MICHAEL SLENSKE: Hello, how are you?
FLORENT MORELLET: Great, how are you?
SLENSKE: Great. So how's it been preparing for this show?
MORELLET: I did a dozen pieces. Most of them I did recently in the past couple of months. I mean I was working to the wire. I've been working every day and every night for the past week. In the book what Kaite chose are three pieces I did with lichen, you know the moss. I did a picture together with a graphic designer I've been working with for 20 years named Douglas Riccardi. He helped me work on the pictures digitally to isolate the light away from it's background and turn it into a nice image. I was seeing maps everywhere and lichen really looks like the map of an island, especially a volcanic island.
SLENSKE: Where did you find the lichen?
MORELLET: On rocks outside my house in New Jersey. Then I drew right on a print and then drew others on Mylar over the prints and framed the Mylar in a white background. (IMAGE: FLORENT MORELLET; LICHENSTEIN #3)
SLENSKE: These are almost deconstructed versions of nature. It looks topographical at first.
MORELLET: Yeah, and with maps it's almost what you want to look at. You can layer it or take some layers out.
SLENSKE: So how did you get involved with this project?
MORELLET: Katharine decided to do the book and when she approached mapmakers she learned about more mapmakers and one of the artists in the show told her about me.

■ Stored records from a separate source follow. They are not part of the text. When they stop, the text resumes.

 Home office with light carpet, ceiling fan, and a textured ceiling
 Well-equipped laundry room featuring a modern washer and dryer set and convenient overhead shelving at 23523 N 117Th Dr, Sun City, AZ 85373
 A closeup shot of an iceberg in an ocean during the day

SLENSKE: Had you ever been published before?
MORELLET: Well, I've had exhibitions since I was 20 years old in New York, Paris. You see, I don't like very much the art world because I was born and raised in it. My father, Francois Morellet, is one of the most famous French artists.
SLENSKE: So it was daunting to come up in his shadow?

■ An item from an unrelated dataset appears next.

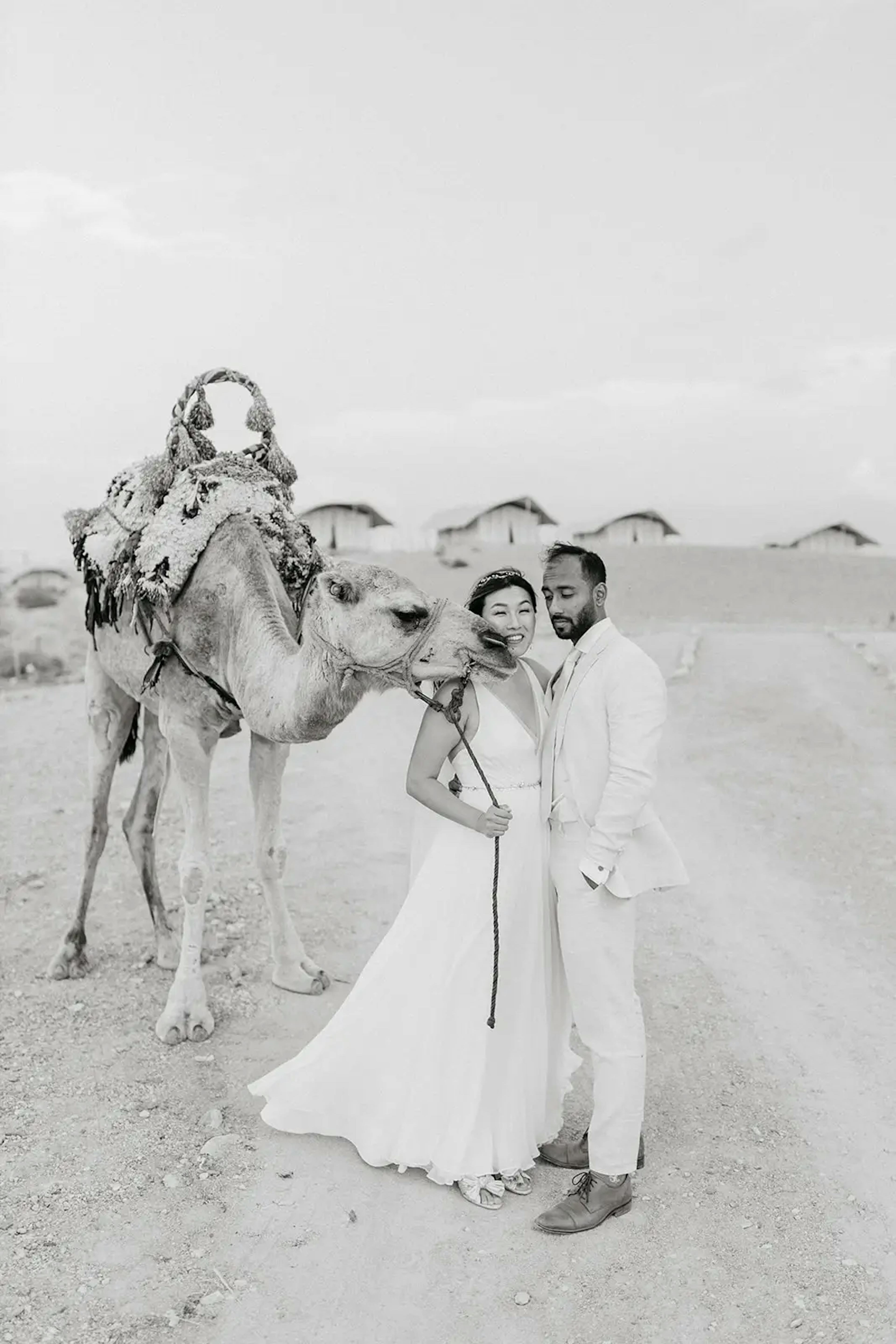 Couple with camel in Moroccan desert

MORELLET: It's not daunting, I just don't like it. I mean, I do it for my father but galleries wanted to take him because his work was controversial here. He was an abstract minimalist and his work predates Sol Lewitt and Frank Stella and it just disturbed the order of things. He had a museum retrospective at the Brooklyn Museum in 1985 and it was completely ignored. He has pieces in the MoMA, but there was a show at the MoMA ten years ago with nothing of his in the show but they had pieces of his all over the walls upstairs. So I'm fine doing it for him, but I don't like Chelsea, I don't like SoHo, what it was. But I like this guy Christopher Henry. I met him through someone who was working at the Lichtenstein Foundation and I've been in a dozen shows and every time people have approached me. Many times in Europe they learn about my work through my parents. I was doing maps since I was 10 years old, and when my parents found out they said, "Oh, you are an artist." I was like, "No." And they said, "No, you are an artist." And because of that I continued doing art. When most parents would say, "Stop doing this, do your homework," my parents kept pushing me. When I finished high school at 18 my parents said, "How about studying urban planning?" Which I did. I dropped out but I got even more passionate about cities and I create my own cities as you can see. Also, I intervene with maps and go crazy.
SLENSKE: All the pieces you're doing now new?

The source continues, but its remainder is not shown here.